Sunday Observer sources said disgruntled police personnel assigned to that division have warned they would take “drastic action” soon if the offending policeman, a corporal, was not removed from the division.

The corporal’s colleagues have refused to work with him and are calling on Police Commissioner Lucius Thomas to immediately transfer him “so that we can get on with normal police work”.

Police officers who asked for anonymity told the Sunday Observer that the alleged incident took place in November last year when the 19-year-old youth arrived at the Kingston Divisional Headquarters from deep rural St Elizabeth to spend time with his cousin, a district constable living at the headquarters.

The story is that the corporal invited the youth to accompany him on an assignment in Portmore, St Catherine. On their way back, the cop took the young man to his St Andrew home for lunch and cooked him a “sumptuous meal”.

After lunch, the corporal allegedly slipped an X-rated homosexual movie into his DVD player and attempted to fondle the young man, who resisted. The corporal is then said to have taken out his 9mm service pistol, placed it on a dresser in his bedroom to intimidate the young man and asked to have oral sex with him.

Fearing for his life, the youth complied, but later reported the ordeal to his outraged parents in St Elizabeth who reportedly stormed into the police divisional office and demanded that action be taken against the gay cop.

Police there promised to get to the bottom of the matter, but nothing has so far been done, the parents and enraged cops complained.

A high-ranking divisional commanding officer, who also didn’t want his name called, confirmed the incident in an interview with the Sunday Observer.

“There was a homosexual contact between the sub-officer (corporal) and the young man,” the commanding officer said.

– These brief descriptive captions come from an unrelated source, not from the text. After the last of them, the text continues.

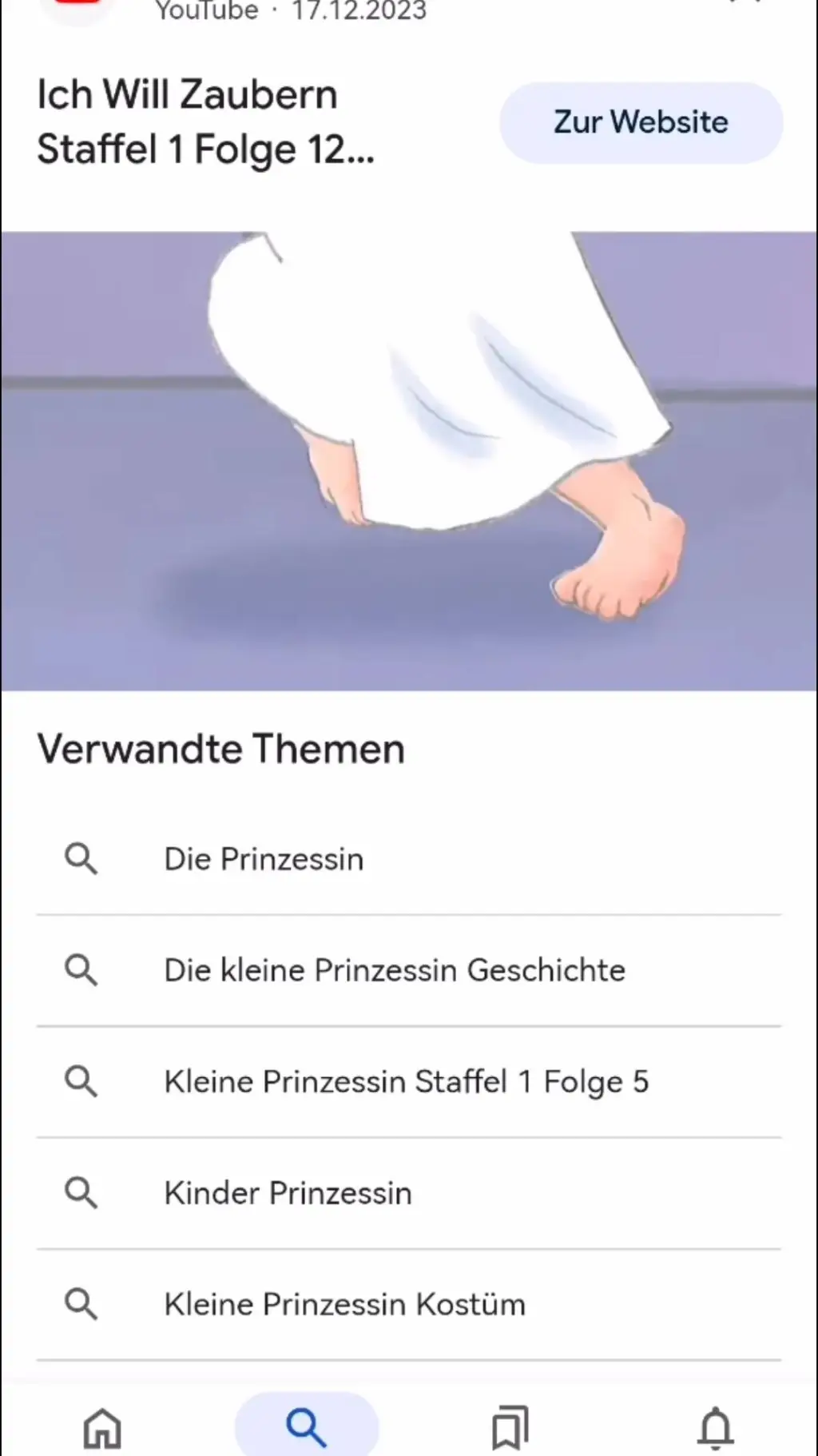 ai character: LittlePrincessFeet background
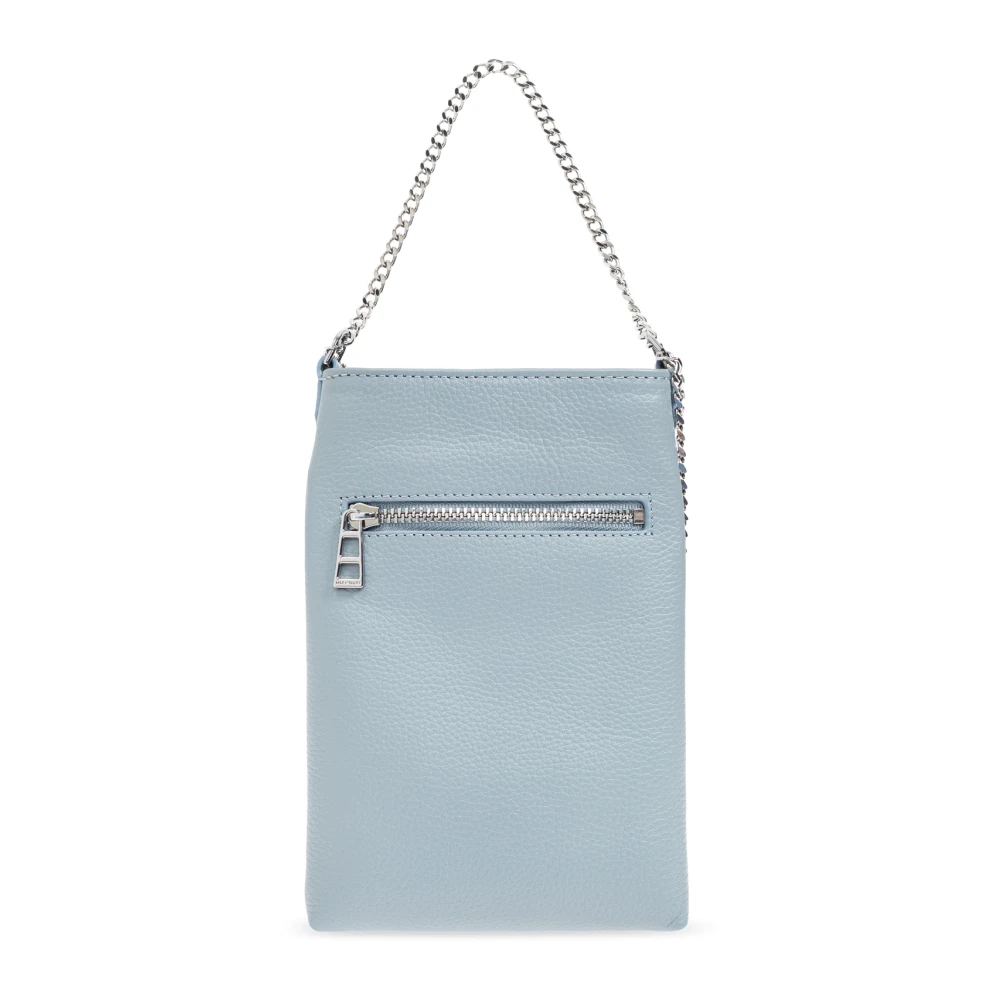 Zadig & Voltaire Telefoonhoesje aan een ketting Blue Dames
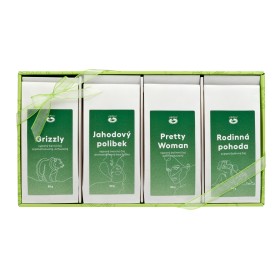Family pack - gift packaging, 4x50 g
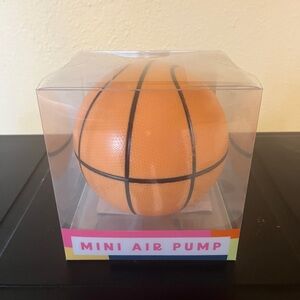 Target 2024 Bullseye Playground Basketball Mini Air Pump NIB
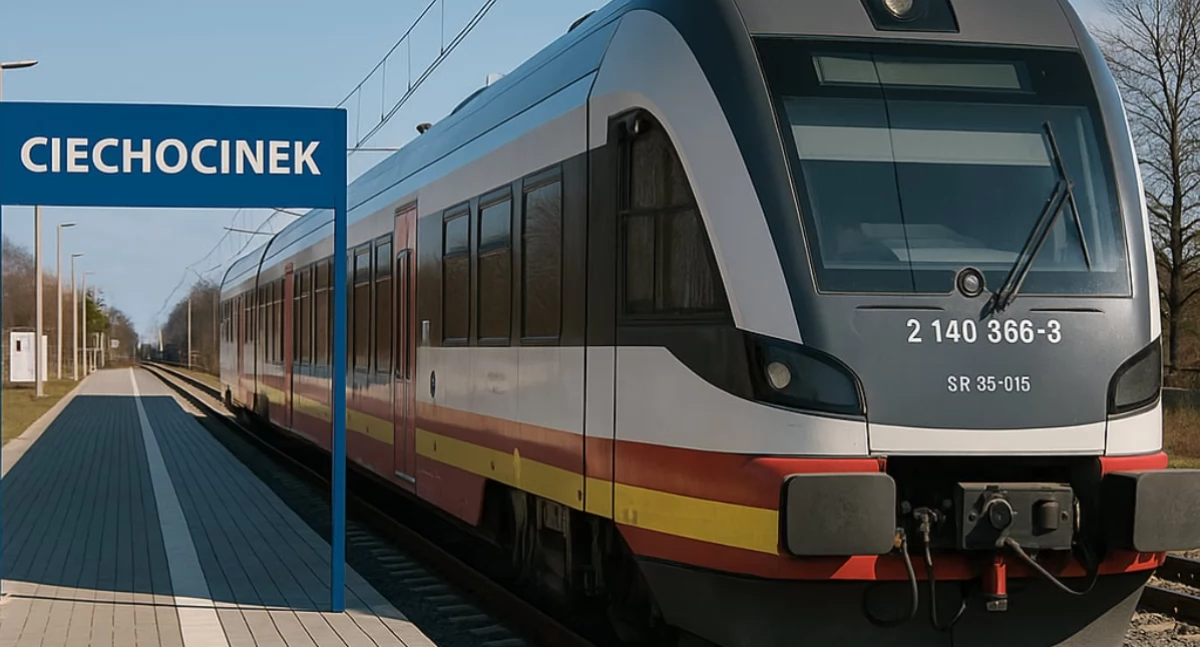 Kolej wraca do Ciechocinka. Nowy rozkład jazdy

He suggested that the corporal was likely to be transferred from the division, adding that the matter had been dealt with “internally and professionally”.

But the protesting cops at the division declared that they were incensed by their colleague’s conduct, alleging that he was one of five homosexuals now assigned to the division.

They accused the police high command of “dumping” policemen with homosexual tendencies in the division once they get into trouble.

“We are very concerned that our work with thousands of young Jamaicans could be compromised and badly set back if the public, especially parents and guardians, lose faith in us and our effectiveness,” said an inspector who also requested anonymity.

But, if Brown-Campbell is to be believed, the offending cop was not typical of homosexuals in the force, who, she said, were tolerated and respected by their heterosexual colleagues.

“Those who we know are treated with a great level of respect as they themselves are respectful, refined and intelligent, their level of intelligence far outshines persons considered to be normal. The force has quite a number of them, men and women,” she said.

Brown-Campbell gave gay cops high marks for performance, describing them as “the best set of police to work with”.

She said straight cops did not mind working with them, adding that since 2003, the force had developed “a tolerance level as they do not bring their sexual advances to straight cops”.

“They are very professional workers and their colleagues treat them professionally and work with them,” the JCF legal advisor asserted.

Another senior cop suggested that the police force “is just mirroring the ills of the society”.